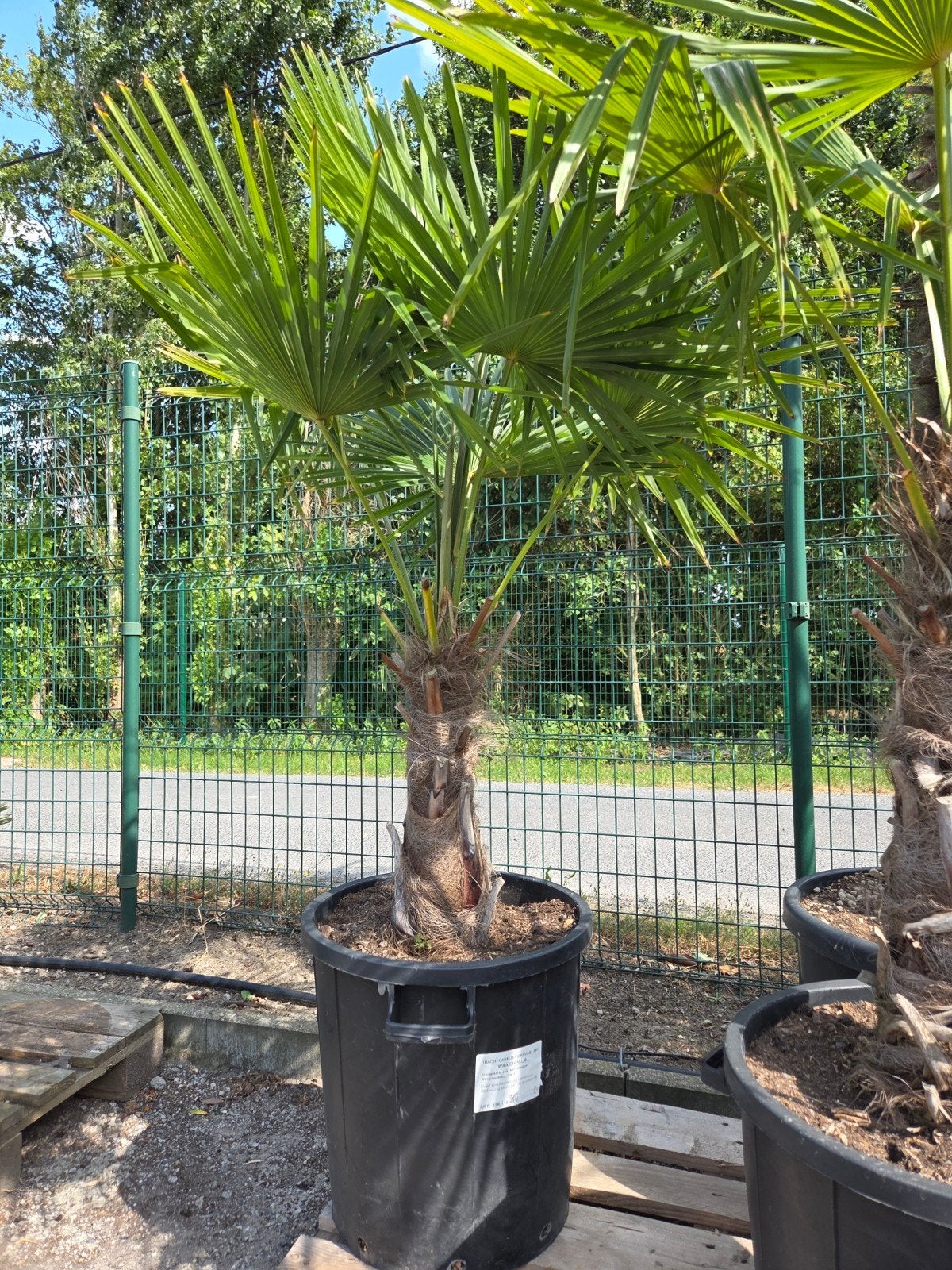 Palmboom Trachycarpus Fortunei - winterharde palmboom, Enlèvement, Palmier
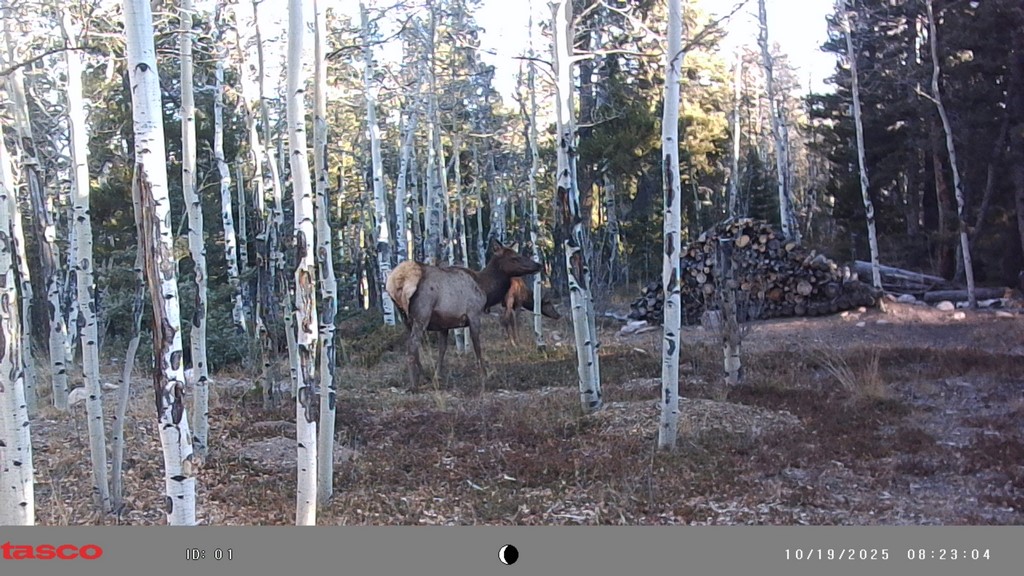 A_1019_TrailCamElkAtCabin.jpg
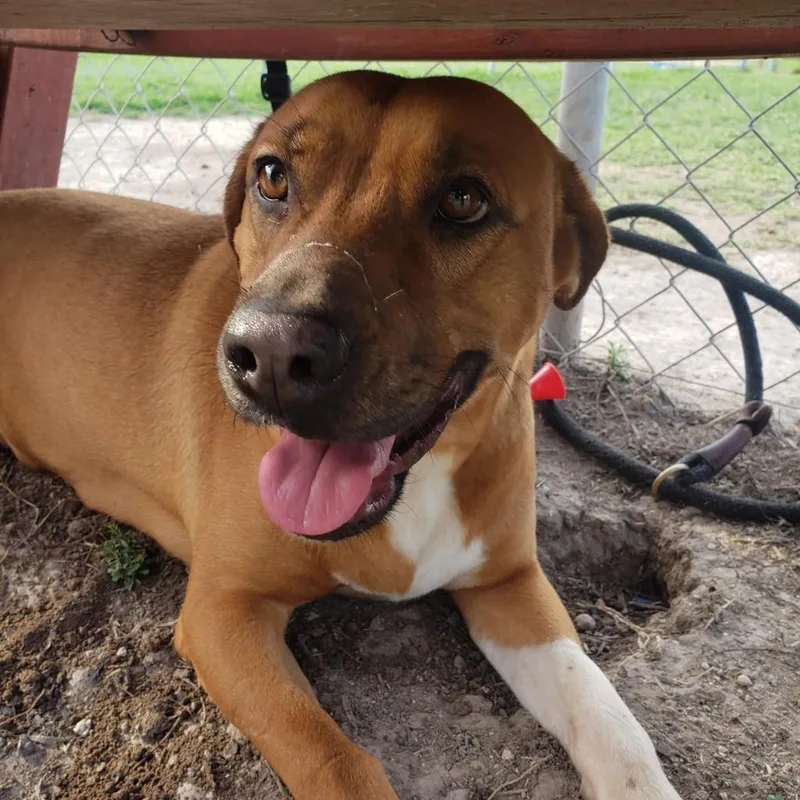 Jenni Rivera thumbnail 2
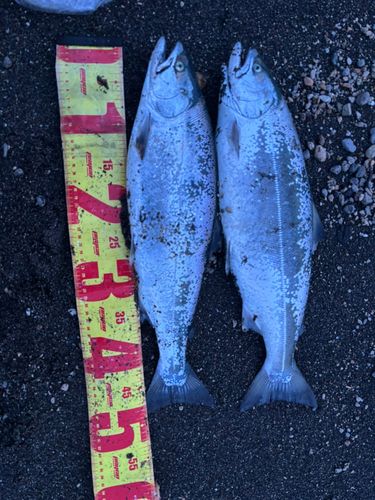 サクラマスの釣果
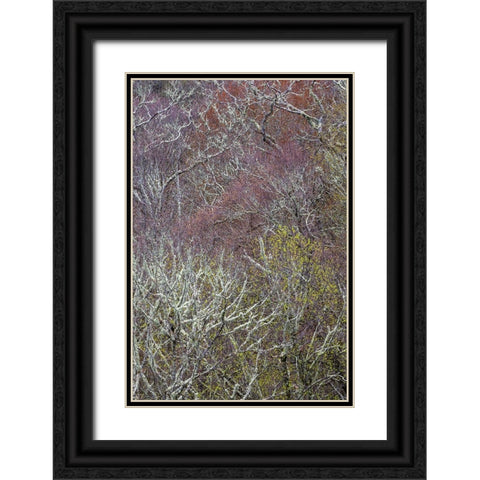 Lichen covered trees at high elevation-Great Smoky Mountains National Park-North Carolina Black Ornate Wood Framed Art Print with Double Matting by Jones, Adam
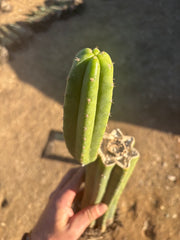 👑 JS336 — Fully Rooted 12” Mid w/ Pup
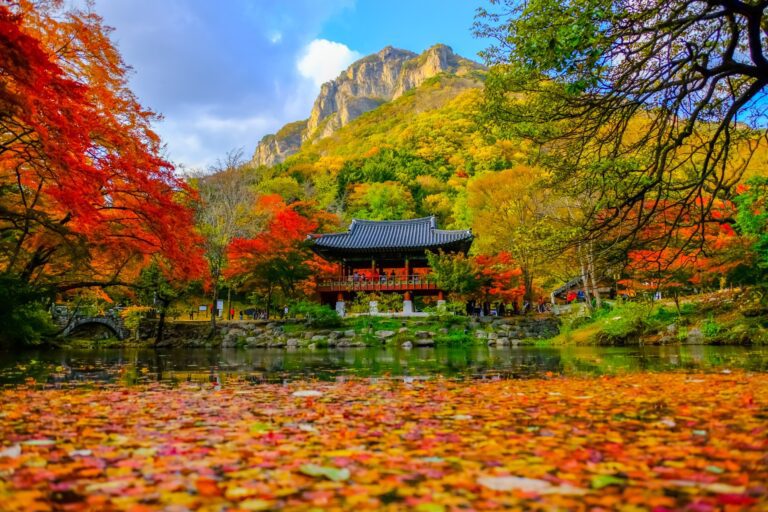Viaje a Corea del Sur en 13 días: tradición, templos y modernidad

----

- Work task -
Every line of the data above should be quoted exactly. Omit the pictures.

- Result below -
 Palmboom Trachycarpus Fortunei - winterharde palmboom, Enlèvement, Palmier
 A_1019_TrailCamElkAtCabin.jpg
 Jenni Rivera thumbnail 2
 サクラマスの釣果
 Lichen covered trees at high elevation-Great Smoky Mountains National Park-North Carolina Black Ornate Wood Framed Art Print with Double Matting by Jones, Adam
 👑 JS336 — Fully Rooted 12” Mid w/ Pup
Viaje a Corea del Sur en 13 días: tradición, templos y modernidad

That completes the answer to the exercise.